### Your objective
Verbatim copy without pictures. Please print every entry as it stands.

### Source information
►

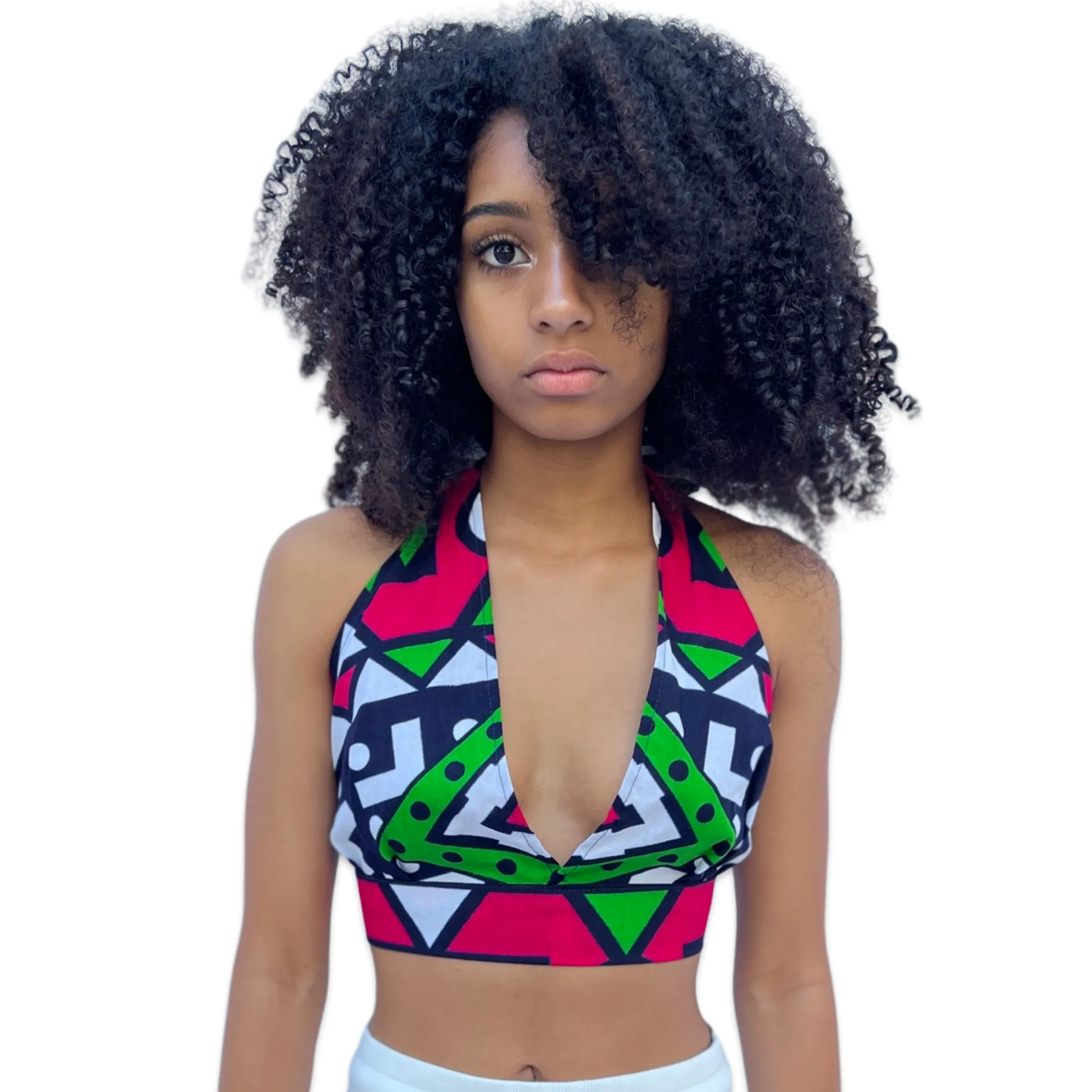 The Chroma Collection Halter Top - Strawberry and Green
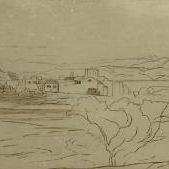 Edward Lear — Вид на Корфу из Кастрадеса с монастырем Св. Теодор-Тирон вдалеке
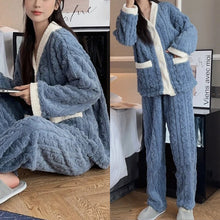 Load image into Gallery viewer, 2025 Women&#39;s Thick Velvet Pajamas Set: Warm Cardigan &amp; Trousers
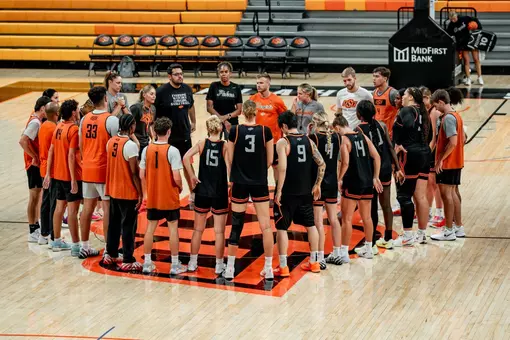 Cowgirl Basketball Team Huddle at Practice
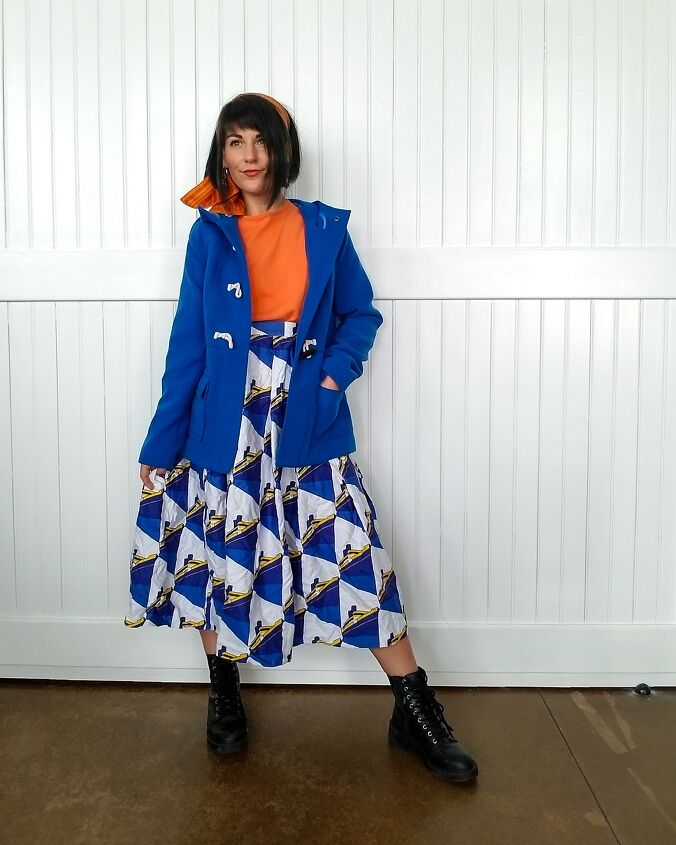 outfit color palette pairing blue and orange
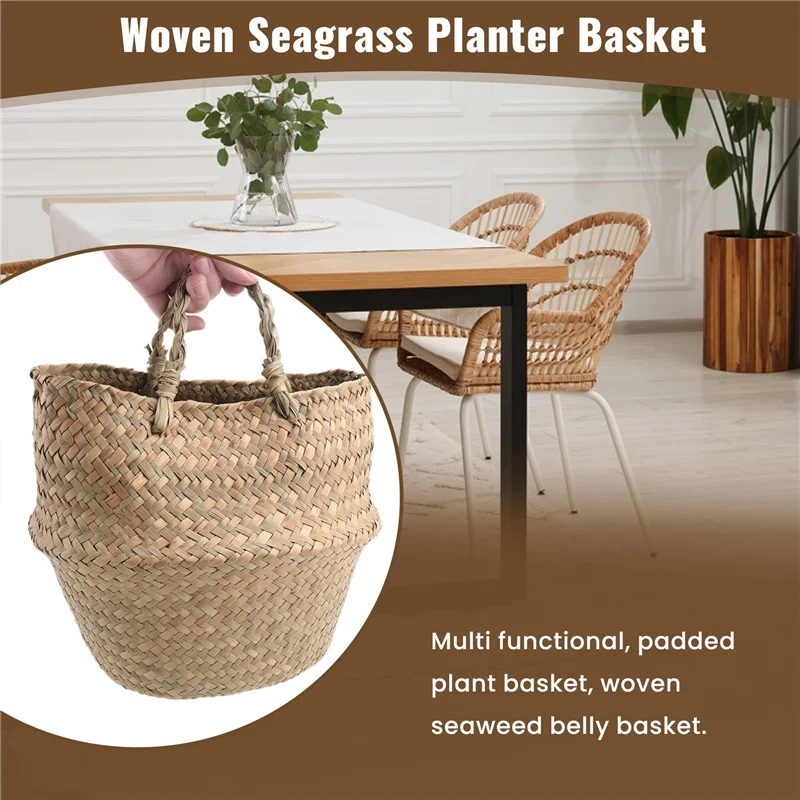 A42I-cesta para plantas con forro, cestas tejidas para el vientre de algas marinas, decorar árbol Artificial, almacenamiento de lavandería, Picnic, bolsa de paja para comestibles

◄

### Task answer
 The Chroma Collection Halter Top - Strawberry and Green
 Edward Lear — Вид на Корфу из Кастрадеса с монастырем Св. Теодор-Тирон вдалеке
 Load image into Gallery viewer, 2025 Women&#39;s Thick Velvet Pajamas Set: Warm Cardigan &amp; Trousers
 Cowgirl Basketball Team Huddle at Practice
 outfit color palette pairing blue and orange
 A42I-cesta para plantas con forro, cestas tejidas para el vientre de algas marinas, decorar árbol Artificial, almacenamiento de lavandería, Picnic, bolsa de paja para comestibles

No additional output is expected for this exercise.